Activity >> From the first line to the last, set down the material exactly, leaving out its pictures.

Record excerpts >>
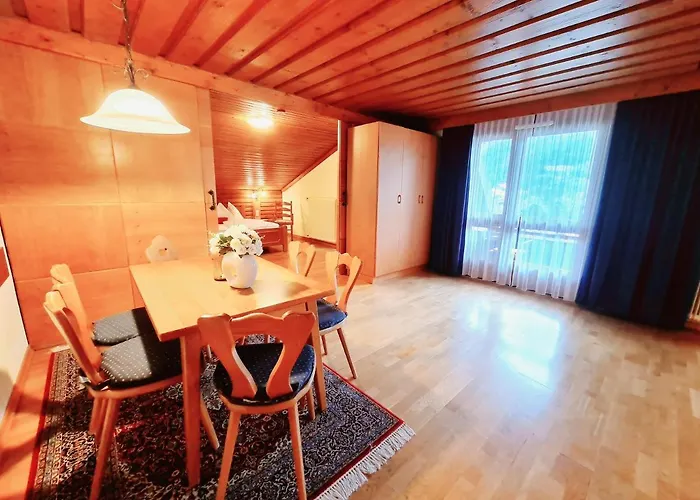 Apartament Alpenlandhof Bad Kleinkirchheim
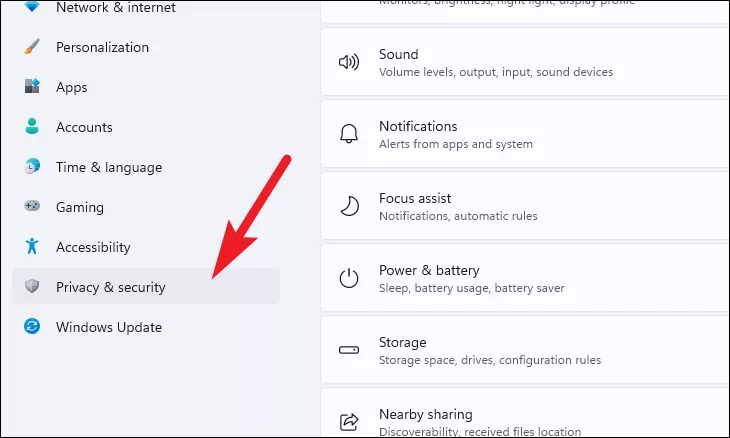 Windows Firewal در ویندوز 11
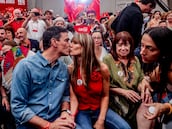 Así es la carrera profesional de Begoña Gómez, la mujer de Pedro Sánchez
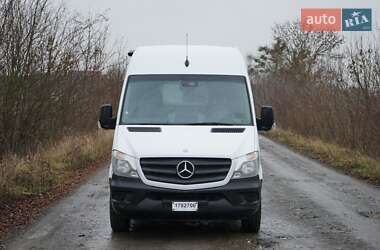 Мікроавтобус Mercedes-Benz Sprinter 2016 в Луцьку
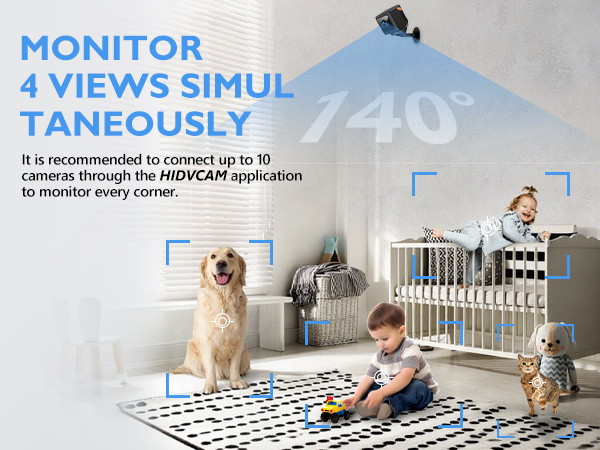 mini security camera wireless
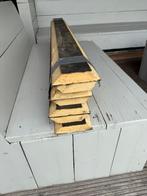 7x PIR mastiekschroot 30x140x1200, Doe-het-zelf en Verbouw, Isolatie en Afdichting, Zo goed als nieuw, Hardschuim (Pir), Ophalen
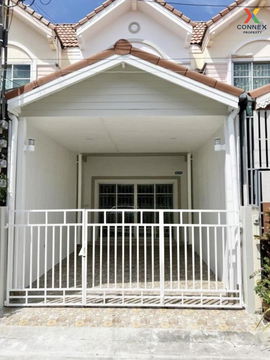 For Sale Townhouse/Townhome  , NUAFAH FOUR , Phimonrat , Bang Bua Thong , Nonthaburi , CX-128245 ✅ Live chat with us ADD LINE @connexproperty ✅ 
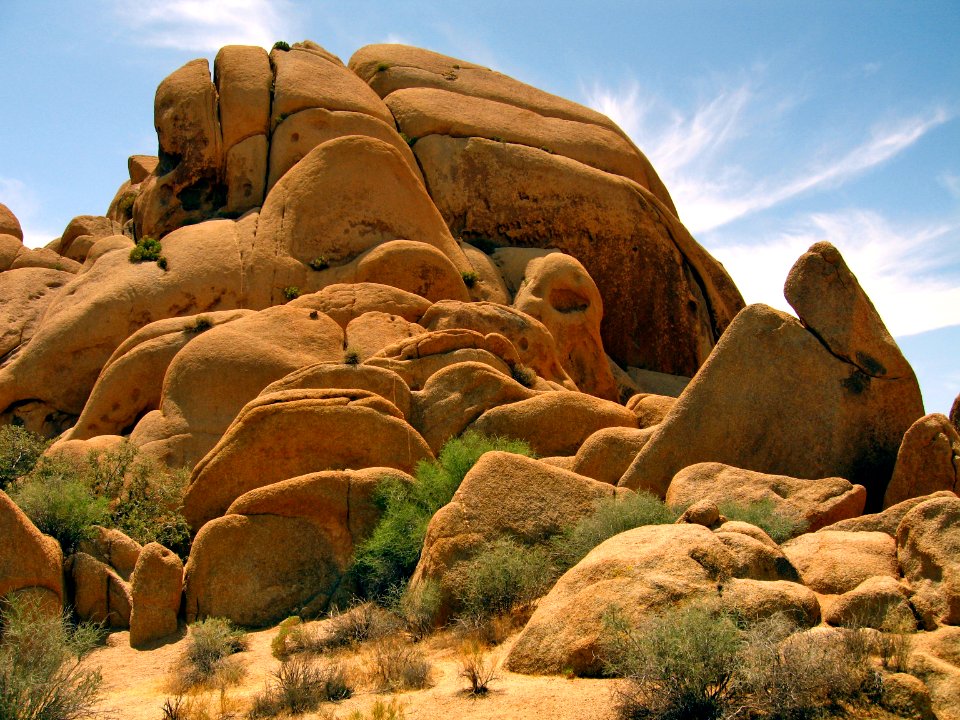 Near Skull Rock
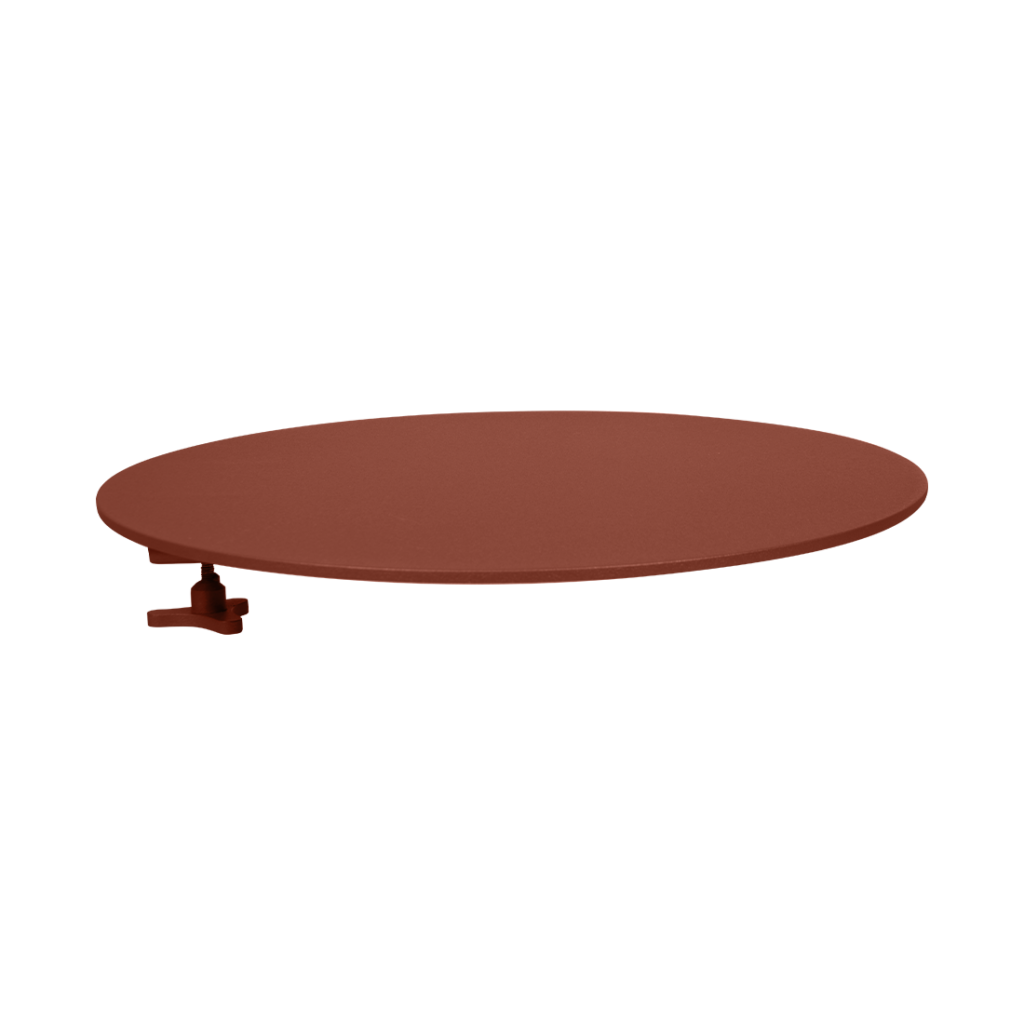 Fermob Bellevie Rond Tafeltje voor op (platte) armsteun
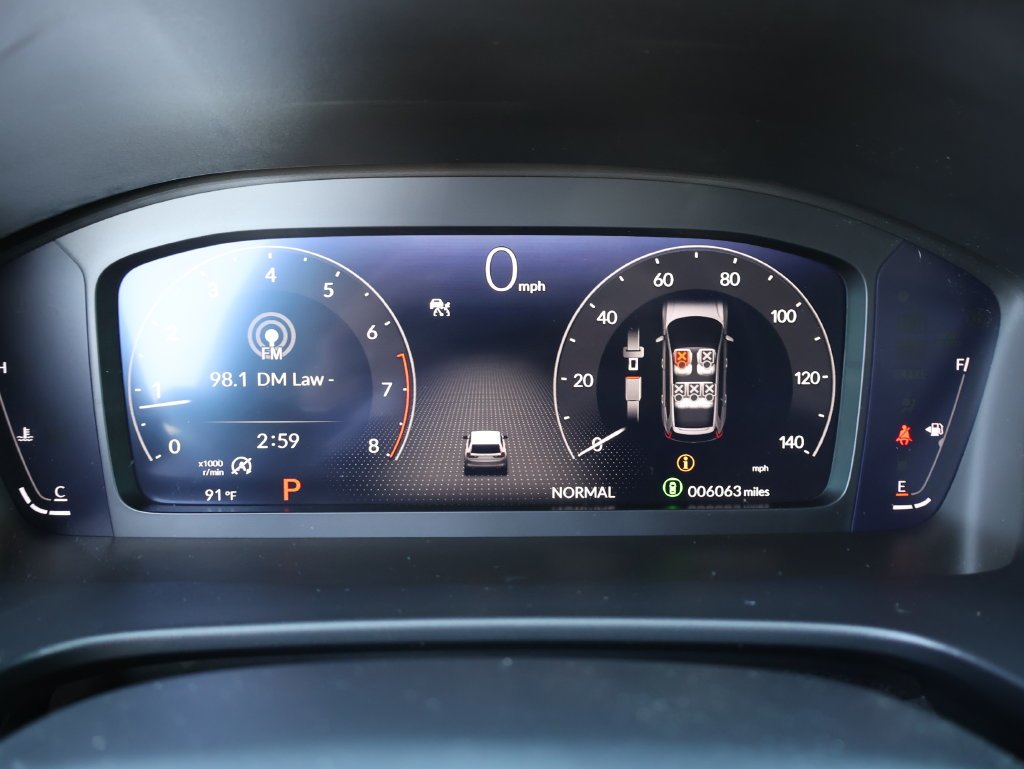Used 2026  Honda EX-L image 31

Result of this exercise >>
 Apartament Alpenlandhof Bad Kleinkirchheim
 Windows Firewal در ویندوز 11
 Así es la carrera profesional de Begoña Gómez, la mujer de Pedro Sánchez
 Мікроавтобус Mercedes-Benz Sprinter 2016 в Луцьку
 mini security camera wireless
 7x PIR mastiekschroot 30x140x1200, Doe-het-zelf en Verbouw, Isolatie en Afdichting, Zo goed als nieuw, Hardschuim (Pir), Ophalen
 For Sale Townhouse/Townhome  , NUAFAH FOUR , Phimonrat , Bang Bua Thong , Nonthaburi , CX-128245 ✅ Live chat with us ADD LINE @connexproperty ✅ 
 Near Skull Rock
 Fermob Bellevie Rond Tafeltje voor op (platte) armsteun
Used 2026  Honda EX-L image 31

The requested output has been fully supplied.